They can give back some land, property, rights, but even that is an absurdity –
what about everything else? What about ALL the land, property and rights? Why
do they get to keep anything – how is the appropriation of land and property
prior to 1948 fundamentally different from the appropriation of land and
property on this arbitrary 1967 date?
Why are the colonial-settlers prior to 1948
any different from those who colonized and settled after 1967?
Let me
correct myself. Palestinians do hold one chip that Israel salivates over – the
one big demand at the negotiating table that seems to hold up everything else.
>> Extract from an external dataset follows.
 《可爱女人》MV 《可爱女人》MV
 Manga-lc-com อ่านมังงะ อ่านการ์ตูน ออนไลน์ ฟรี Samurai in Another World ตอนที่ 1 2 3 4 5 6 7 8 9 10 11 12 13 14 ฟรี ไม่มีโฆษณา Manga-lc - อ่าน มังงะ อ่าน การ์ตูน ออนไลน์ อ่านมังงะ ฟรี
Israel craves recognition of its “right to exist.”
But you
do exist – don’t you, Israel?
Israel
fears “delegitimization” more than anything else. Behind the velvet curtain
lies a state built on myths and narratives, protected only by a military
behemoth, billions of dollars in US assistance and a lone UN Security Council
veto. Nothing else stands between the state and its dismantlement. Without
these three things, Israelis would not live in an entity that has come to be
known as the “least safe place for Jews in the world.”
Strip
away the spin and the gloss, and you quickly realize that Israel doesn’t even
have the basics of a normal state. After 64 years, it doesn’t have borders.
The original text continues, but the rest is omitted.